Two days later, the Mexican authorities confirmed that several mutilated bodies were located at a ranch known as La Borbolla along the highway that connects Jiménez and Padilla. Unconfirmed reports suggested that the body of Ornelas Puga might be among the remains. On 13 November, the Mexican Episcopal Conference (CEM) confirmed the disappearance of Ornelas Puga and condemned the crime. The CEM admitted that this was not the first case a priest had been targeted in Mexico; many others have received threats from organized crime for protecting migrants and working on cases of people who have disappeared across the country.

===Background===
Ornelas Puga was kidnapped in Tamaulipas, one of the most violent states in Mexico. Given its geographical location along the U.S.-Mexico border, Tamaulipas is a major route for human trafficking, arms smuggling, and international drug trade. It is also home to two transnational criminal organizations, the Gulf Cartel and Los Zetas, who have fought for the control of these smuggling routes along the Texan border area since early 2010. In the months leading to his abduction, the municipality of Jiménez experienced a series of violent episodes that were a direct result of turf wars between rival drug trafficking organizations. Kidnappings—including forced disappearances of entire families—were reported in the region in earlier months. In November 2013, the month Ornelas Puga was kidnapped, nine people were reportedly abducted in Jiménez; their whereabouts remain unknown. According to a 2013 report from the Vatican, Mexico was the second-most-violent country for priests in Latin America (just behind Colombia). In the administration of President Felipe Calderón, 17 priests were killed between 2007 and 2012. The organization responsible for counting the killings is the Catholic Multimedia Center (Spanish: Centro Católico Multimedial), which is part of the religious congregation Society of Saint Peter (Spanish: Sociedad de San Pablo), who directly gives the list to Rome through Agenzia Fides.

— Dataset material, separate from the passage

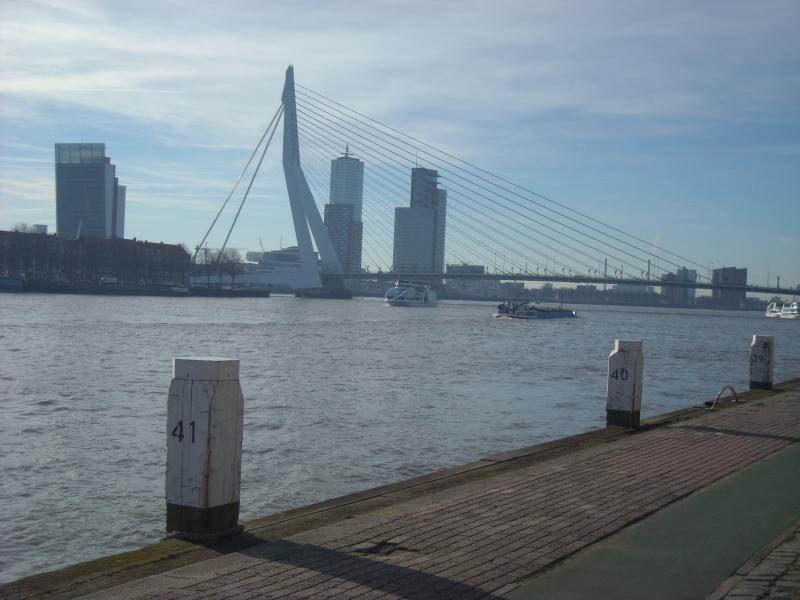 DSCN0511.JPG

Clergymen in Mexico are not immune to the drug violence nor to attacks from organized crime. Priests have been forced to pay protection to organized crime; if any given priest refuses to pay the racketeering, the threats become more severe, like burning the church's precinct, a kidnapping, or even death. When it is an extortion, the payment usually is around 10,000 pesos (about 778 USD). For a kidnapping, the ransom averages at around 2 million pesos (153,530 USD). Priests' outspokenness against Mexico's drug trafficking organizations can also incur reprisals, especially in areas where drug-related crimes are high. Others have received death threats and attacks because they have protected migrants (common prey of organized crime) from abuse. Besides Ornelas Puga, two other priests in Ciudad Victoria, Tamaulipas were kidnapped in December 2013 and remain disappeared. Guillermo Amaro César (also from Tamaulipas) was killed in 2013 after alleged organized crime members beat him to death. The state authorities concluded that the motive of the murder was stemmed by robbery.

===Reaction===
In September 2014, the local bishop Antonio González Sánchez called for a peaceful march in memory of Ornelas Puga and other people who remain disappeared. The march was scheduled for 3 November 2014, the anniversary date of the priest's disappearance. Every year, the Roman Catholic Diocese of Ciudad Victoria organizes a march in the city with family members and friends of people who have disappeared in Mexico.

==See also==
- List of kidnappings
- List of people who disappeared mysteriously (2000–present)
- List of unsolved murders (2000–present)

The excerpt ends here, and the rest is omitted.